Linehan developed another many faceted treatment approach for borderline personality disorders called dialectical behavior therapy (DBT). Linehan recognized that clients face conflicting pressures such as the need to both accept the self and to change, to let go of negative behavior but not to lose the behaviors that have worked, to validate personal experience and yet to redefine what has happened. In treating chronically distressed personalities, considerable effort is needed to help clients acquire skills in emotional self-regulation. DBT methodically educates clients in approaching many different situations with new perspectives and problem-solving methods. Linehan also has designed interventions based on Zen mindfulness methods that encourage the acceptance of life events just as they are, without demanding that reality be any different than it is.
EMDR or Eye Movement Desensitization and Reprocessing is a technique that is said to change the neurological storage of traumatic memories. The desensitization treatment essentially has the client remember difficult scenes from the past while the therapist passes two fingers back and forth to guide the client's eye movements. Before the eye movement intervention, the counselor listens to the client's history, targets the memory scenes, and prepares the client for the procedures. During each set of eye movement treatments, the client views the scene as in a movie, at a distance, and utilizes relaxation methods. Between eye movement sets, the therapist assists the client in developing positive cognitions to counter negative ones. Once the client's distress ratings have lessened, the client holds both the memory and positive cognitions together at the same time to install the new reaction. As a check for stress level, a body scan is done before final closure of the session. Between sessions the client records flashbacks, and in the next session, a reevaluation is done to determine if the memory has been reprocessed. If the ratings for stress and cognitions have not shown progress, the therapist does what is called a cognitive interweave where the positive cognitions are discussed. A controversy among practitioners exists, with some skeptical reactions conflicting with some research showing the treatment as effective as other exposure methods.

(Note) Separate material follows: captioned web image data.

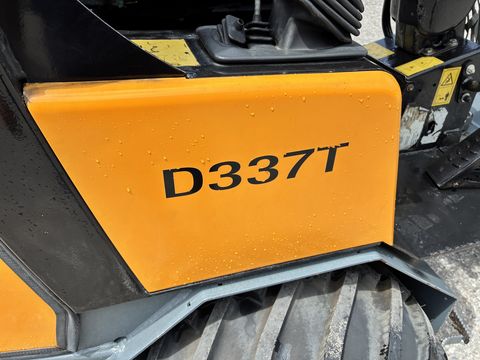 Giant 337 T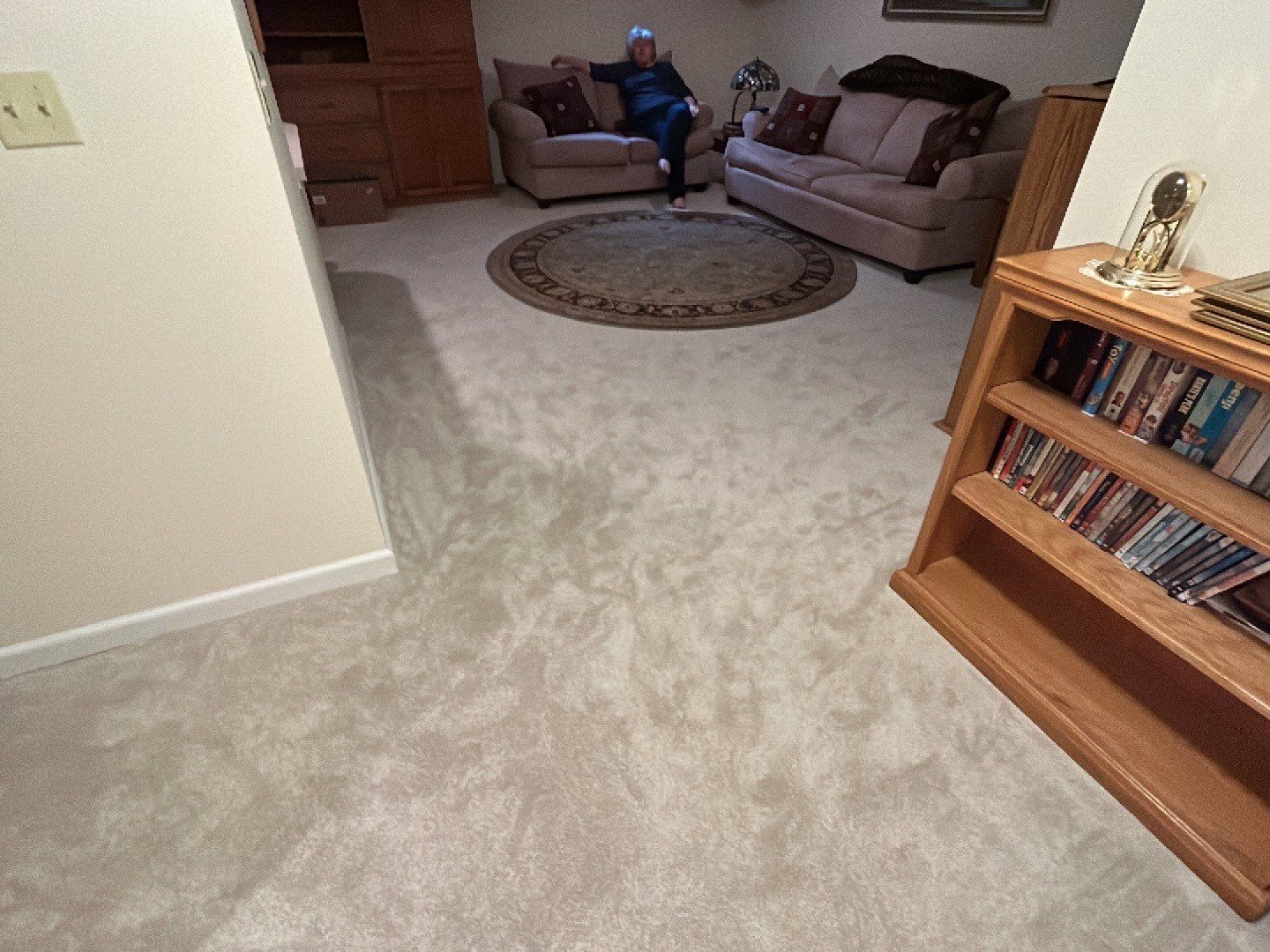 Reconstruction by Accountable Home Services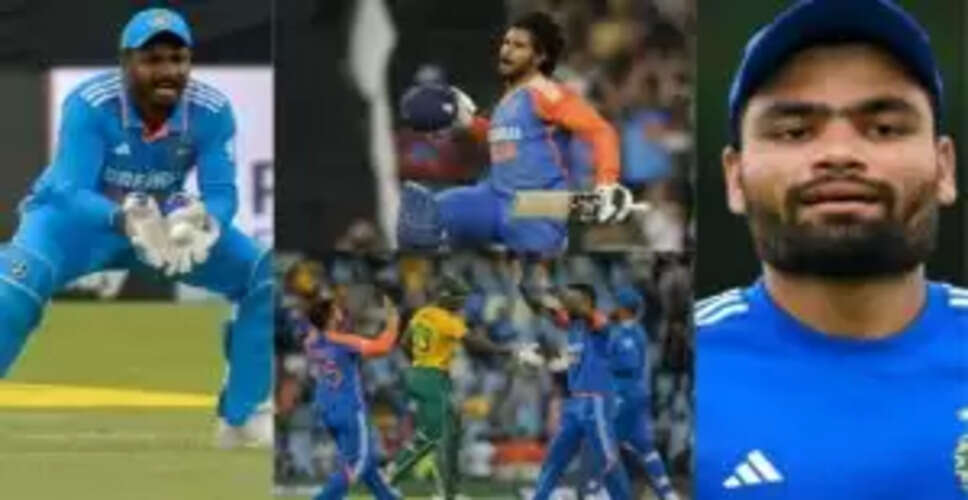 साउथ अफ्रीका टी20 सीरीज के लिए भारतीय टीम की संभावित घोषणा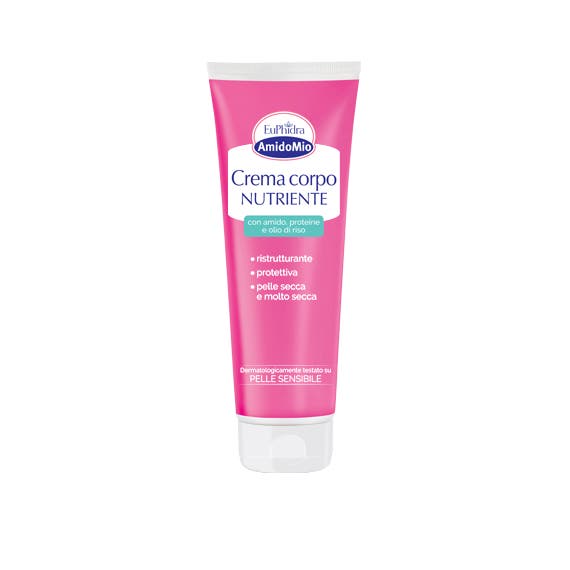 EUPH AMIDOMIO CREMA CORPO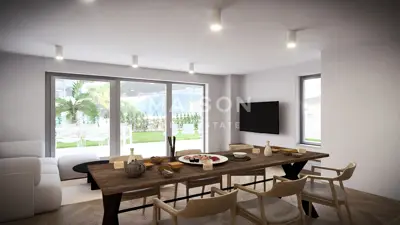 Apartment, Malinska on the island of Krk, 2 floors and pool - 3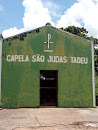 Capela São Judas Tadeu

Critiques for the cognitive-behavioral approach say that it is too prescriptive, that it overemphasizes rationality and de-emphasizes dependency needs, that it can leave the client with unfinished business, and that the methods are similar to brainwashing procedures. However, cognitive therapists value empirical validation for their methods and pay attention to what works according to the research. The field will continually evolve as scientific investigations offer new results. The methods also have the advantage of working within a short term model that is becoming both acceptable and necessary for counseling practice.